Agalmaceros Temporal range: Pleistocene (Uquian-Lujanian) ~2.588–0.012 Ma PreꞒ Ꞓ O S D C P T J K Pg N ↓

Scientific classification
- Kingdom: Animalia
- Phylum: Chordata
- Class: Mammalia
- Order: Artiodactyla
- Family: Cervidae
- Subfamily: Capreolinae
- Genus: †Agalmaceros Hoffstetter 1952
- Species: †A. blicki
- Binomial name: †Agalmaceros blicki Frick 1937

= Agalmaceros =

- Genus: Agalmaceros
- Species: blicki
- Authority: Frick 1937
- Parent authority: Hoffstetter 1952

Extinct genus of deer

Agalmaceros is a potentially invalid extinct genus of deer of the Cervidae family, that lived in South America during the Pleistocene. The only species currently known is A. blicki. Remains have only been found in Ecuador. It showed a clear affinity to Andean or temperate habitats. Agalmaceros blicki is estimated to have been 60 kg in weight.

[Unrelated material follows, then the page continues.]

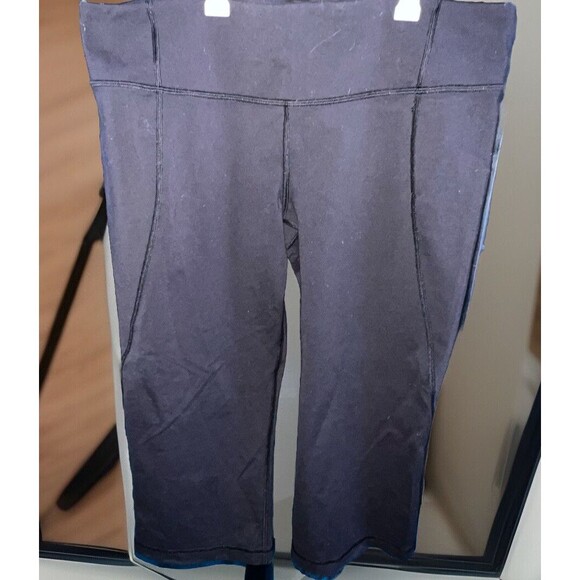 Lululemon Groove Super-High-Rise Crop 23" Black - Size: 6 - Picture 1 of 6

A 2023 paper considered another extinct South American deer genus, Charitoceros, a junior synonym of Agalmaceros; both taxa are diagnosed by the presence of thorns on their antlers. Furthermore, these thorns are symptoms of a pathology that also affects some extant deer; besides thorns, the antlers of Agalmaceros are identical to those of the modern white-tailed deer (Odocoileus virginianus) but larger . Thus, the authors consider Agalmaceros to be itself a junior synonym of O. virginianus, which would render both Agalmaceros and Charitoceros invalid taxa.